Ha specializes in another approach for studying molecular proximity in cells: fluorescence resonance energy transfer (FRET), in which one fluorophore transfers its excitation energy to a nearby one. Energy transfer could explain why PAPA works, too, but the techniques operate over different distances: the FRET signal fades out at about half the distance of PAPA’s. Furthermore, in FRET, proteins are labelled so sparsely that the chance of catching two in complex with each other is much lower.
And, Graham notes, unlike with FRET, in PAPA the two dyes are excited at different times, so there’s no interference from background fluorescence. That’s important for single-molecule imaging at high protein concentrations.
In the preprint, Graham and his colleagues explored how the kinase P-TEFb activates transcription. Normally, when RNA polymerase begins transcribing a gene, it pauses the process after transcribing the first few dozen bases; P-TEFb restarts transcription, but when it binds to the ribonucleoprotein complex 7SK, this activity is inhibited. The researchers labelled a subunit of P-TEFb, as well as HEXIM1, a subunit of the 7SK complex. The team applied PAPA to four pairs of proteins and found that the P-TEFb–7SK complex diffuses more slowly, consistent with its heavier molecular weight, but is most often not bound to chromatin — suggesting that generally the complex exists unbound to DNA. Adding a P-TEFb inhibitor to the system led P-TEFb and HEXIM1 to quickly dissociate. “We see that the whole complex synchronously falls apart when you treat the cells with this inhibitor,” Graham says.
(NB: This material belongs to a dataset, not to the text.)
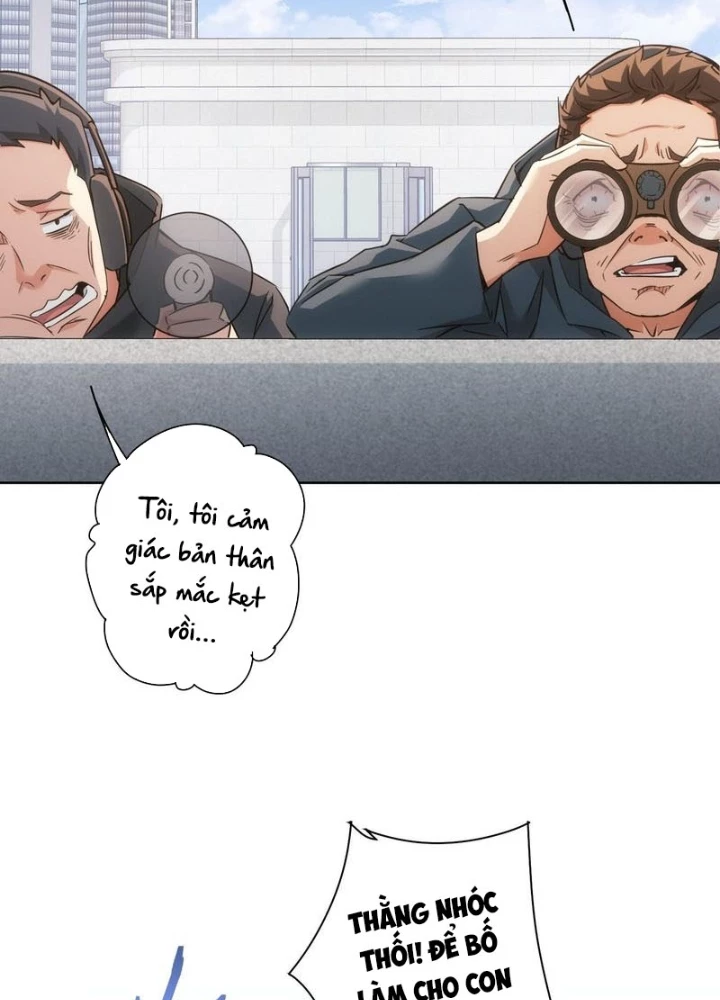 Ta Có Thể Thấy Tỉ Lệ Thành Công Chapter 263 - Trang 3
Myong suggests several strategies for combining PAPA and single-molecule tracking in her own research on phase separation, a phenomenon in which intracellular molecules spontaneously separate into what are essentially distinct cellular compartments. The technique cannot reveal new players in the complexes she studies, because researchers must know the components’ identities to tag them, Myong notes. “But if you have the right proteins labelled, you could try to map those things one by one, which would be really cool.”
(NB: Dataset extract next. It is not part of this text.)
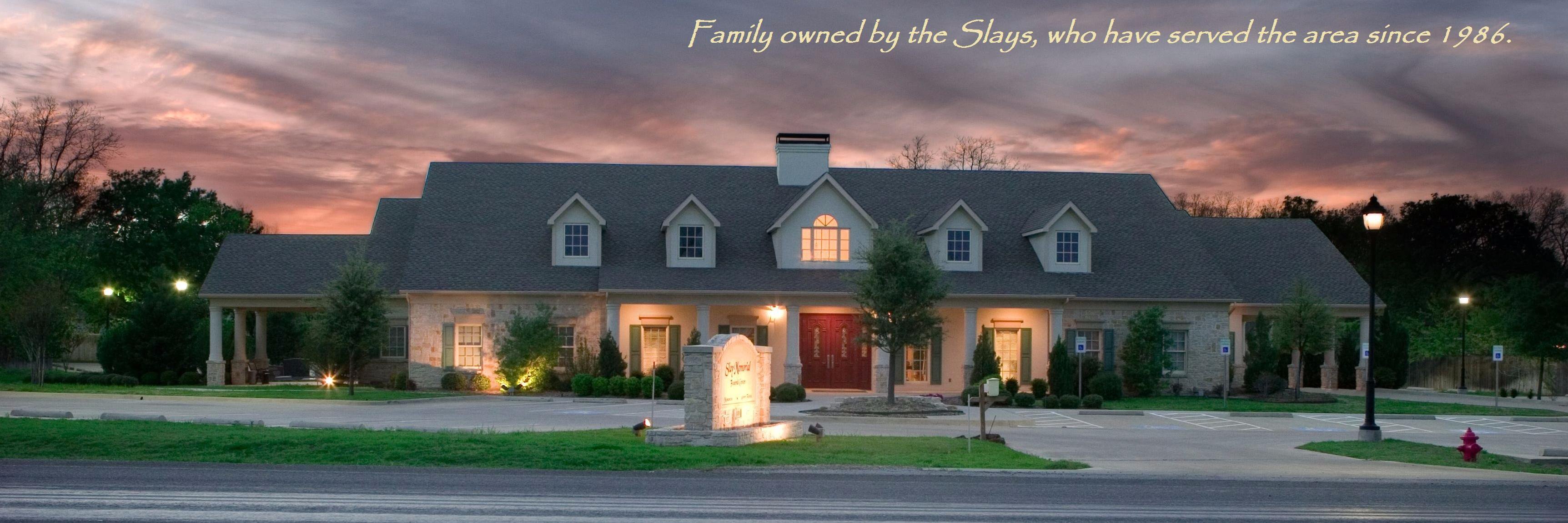 SlayMemorial's profile banner image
Meanwhile, Graham and his colleagues are continuing to build on PAPA to fill in the molecular details of transcription. Currently, Graham is using the technique to pin down not just whether molecules interact, but for how long they do so; he also aims to improve the technique’s specificity by developing ways to account for non-specific reactivation, which shows up as background noise that can muddy the picture.
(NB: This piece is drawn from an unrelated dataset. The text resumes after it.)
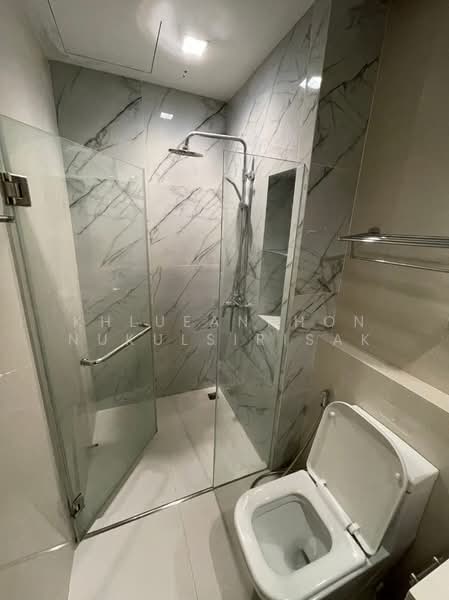 AQ Alix Residence Soonvijai : เอคิว เอลิคซ์ เรซิเดนซ์ ศูนย์วิจัย, กรุงเทพ, 33 ซอย เพชรบุรี 47 แยก 10, บางกะปิ, ห้วยขวาง, กรุงเทพ, 28 ตร.ม., คอนโด ขาย, โดย Khlueanphon Nukulsirisak, 500162470 - DDproperty.com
New hardware could also help. Graham is collaborating with biophysicists Eric Betzig and Srigokul Upadhyayula and their postdoc Amir Hay at UC Berkeley to build a new type of microscope that can capture a larger number of trajectories of single molecules. “There’s this whole universe of protein interactions to explore in live cells,” Graham says. Now, thanks to PAPA-fSMT, researchers might finally be able to take a crack at studying them where they reside, instead of in test tubes.